A canção tem um endereçamento: o eu lírico canta como quem escreve uma carta. Algo do espírito de “When I’m 64” – de Lennon/McCartney, a memorável canção dos Beatles – aparece aqui, pois o eu lírico imagina-se mais velho, questionando-se de modo bem imaginativo sobre seu porvir. Nada evoca, menciona ou fede a morte na canção pop alegrete de McCartney, em que envelhecer ao lado da amada é descrito como a maior das felicidades.

Só que onde Paul McCartney foi jovial, lúdico e solar, Phoebe Bridgers foi dark, melancólica e saturnina. Ela fala assim ao destinatário de sua carta-canção: “Quando eu estiver doente e cansada, e minha mente praticamente não estiver mais lá / Quando uma máquina me mantiver viva e estiver perdendo toda minha cabeleira / Eu espero que você beije minha cabeça apodrecida e tire a máquina da tomada / Sabendo que queimei todas as playlists e dei todo meu amor.” Coube até o amor fati nestes três minutos de esplendorosa canção.

KILLER

Sometimes I think I’m a killer
Scared you in your house
I even scared myself by talking
About Dahmer on your couch

But I can’t sleep next to a body
Even harmless in death
Plus I’m pretty sure I’d miss you
And faking sleep to count your breath.

Can the killer in me
Tame the fire in you?
Is there nothing left to do for us?

I am sick of the chase
But I’m hungry for blood
And there’s nothing I can do
But when I’m sick and tired
And when my mind is barely there
When a machine keeps me alive
And I’m losing all my hair
I hope you kiss my rotten head
And pull the plug
Know that I’ve burned every playlist
And I’ve given all my love.

Can the killer in me
Tame the fire in you?
I know there’s something waiting for us
I am sick of the chase
But I’m stupid in love
And there’s nothing I can do.

Esta obsessão com a inevitabilidade da morte, enfatizada pela artista nesta pela entrevista, também se manifesta em “Funeral”. A poetisa, distanciando-se da eutanásia que se coloca como bifurcação ética no fim de muitas existências humanas, exigindo a escolha pelo suicídio assistido ou pelo morrer-de-morte-morrida, dedica-se em “Funeral” à morte precoce, começando a canção anunciando: “Vou cantar num funeral amanhã de uma criança um ano mais velha que eu.”
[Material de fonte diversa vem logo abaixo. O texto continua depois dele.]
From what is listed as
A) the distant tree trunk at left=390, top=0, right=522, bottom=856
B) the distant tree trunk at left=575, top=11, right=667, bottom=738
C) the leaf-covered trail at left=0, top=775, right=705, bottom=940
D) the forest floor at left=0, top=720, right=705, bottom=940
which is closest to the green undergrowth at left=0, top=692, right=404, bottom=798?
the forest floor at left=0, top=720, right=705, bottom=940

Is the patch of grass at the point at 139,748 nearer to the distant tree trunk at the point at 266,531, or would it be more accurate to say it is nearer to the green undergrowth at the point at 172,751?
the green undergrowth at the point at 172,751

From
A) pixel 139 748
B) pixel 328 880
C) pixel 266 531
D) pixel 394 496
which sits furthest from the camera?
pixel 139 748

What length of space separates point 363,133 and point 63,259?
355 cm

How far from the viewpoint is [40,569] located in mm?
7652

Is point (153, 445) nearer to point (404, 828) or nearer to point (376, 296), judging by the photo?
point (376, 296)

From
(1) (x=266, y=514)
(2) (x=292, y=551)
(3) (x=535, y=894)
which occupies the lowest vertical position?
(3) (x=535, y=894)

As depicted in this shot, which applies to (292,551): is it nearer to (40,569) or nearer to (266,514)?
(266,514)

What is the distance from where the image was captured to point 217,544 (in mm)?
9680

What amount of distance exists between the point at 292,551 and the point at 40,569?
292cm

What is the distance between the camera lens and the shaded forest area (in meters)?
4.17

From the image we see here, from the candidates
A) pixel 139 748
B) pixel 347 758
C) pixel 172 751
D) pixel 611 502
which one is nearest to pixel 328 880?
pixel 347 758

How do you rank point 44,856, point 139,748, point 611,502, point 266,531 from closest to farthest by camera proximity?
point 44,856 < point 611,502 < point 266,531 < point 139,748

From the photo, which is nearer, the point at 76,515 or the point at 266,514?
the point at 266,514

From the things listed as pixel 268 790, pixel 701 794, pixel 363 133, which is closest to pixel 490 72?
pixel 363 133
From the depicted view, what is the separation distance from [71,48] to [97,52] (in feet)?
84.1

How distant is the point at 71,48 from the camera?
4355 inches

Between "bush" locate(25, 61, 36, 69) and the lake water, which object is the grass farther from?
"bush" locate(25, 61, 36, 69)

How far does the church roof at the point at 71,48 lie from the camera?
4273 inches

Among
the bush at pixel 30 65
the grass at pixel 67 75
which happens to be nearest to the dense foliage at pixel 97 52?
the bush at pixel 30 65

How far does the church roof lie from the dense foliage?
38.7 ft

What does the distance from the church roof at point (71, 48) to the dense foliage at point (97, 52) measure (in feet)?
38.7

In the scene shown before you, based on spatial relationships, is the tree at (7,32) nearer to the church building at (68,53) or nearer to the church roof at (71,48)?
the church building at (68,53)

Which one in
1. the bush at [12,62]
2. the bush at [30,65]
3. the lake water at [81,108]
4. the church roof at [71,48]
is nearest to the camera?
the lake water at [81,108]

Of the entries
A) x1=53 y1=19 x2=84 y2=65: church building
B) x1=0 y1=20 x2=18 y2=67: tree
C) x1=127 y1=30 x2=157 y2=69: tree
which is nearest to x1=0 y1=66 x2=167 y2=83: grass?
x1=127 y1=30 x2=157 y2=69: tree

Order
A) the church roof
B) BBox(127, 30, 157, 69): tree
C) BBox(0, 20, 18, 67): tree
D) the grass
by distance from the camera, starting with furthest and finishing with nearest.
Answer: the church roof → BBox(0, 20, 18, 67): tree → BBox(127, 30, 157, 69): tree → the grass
O brilhantismo deste início está no fato de que a narrativa cria de imediato um suspense sobre esta misteriosa morte de criança que será cantada por uma criança ainda mais jovem. A música evoca a falência da razão ao tentar compreender este horror, o sentimento de asfixia diante da tragédia: when I think too much about it I can’t breathe.

Phoebe Bridgers, com sua voz afinadíssima, com seu charme sussurrante, fez em “Funeral” um dos canções mais tristes dos últimos anos, culminando num refrão onde o sentimento que impera é o de estar sempre blue. Emblema musical do que alguns psicanalistas chamariam de uma síndrome maníaco-depressiva é a confissão do eu-lírico de que este sentir-se blue all the time é algo que “sempre foi assim e sempre será”. Não é verdade que isto captura à perfeição o mood depressivo, que consiste num presente triste em que tanto passado quanto futuro aparecem dominados por uma tristeza que se espraia para todos os lados?

O quadro fica ainda mais forte quando a poetisa evoca, de maneira impressionante, uma imagem onírica: “tenho um sonho em que estou gritando debaixo da água / enquanto meus amigos estão me acenando da margem”. O sarcasmo de Phoebe ergue-se mesmo em meio à desolação deprê deste funeral sônico e ela pede, como Rebecca Solnit: “não preciso que você me explique o que isso quer dizer…”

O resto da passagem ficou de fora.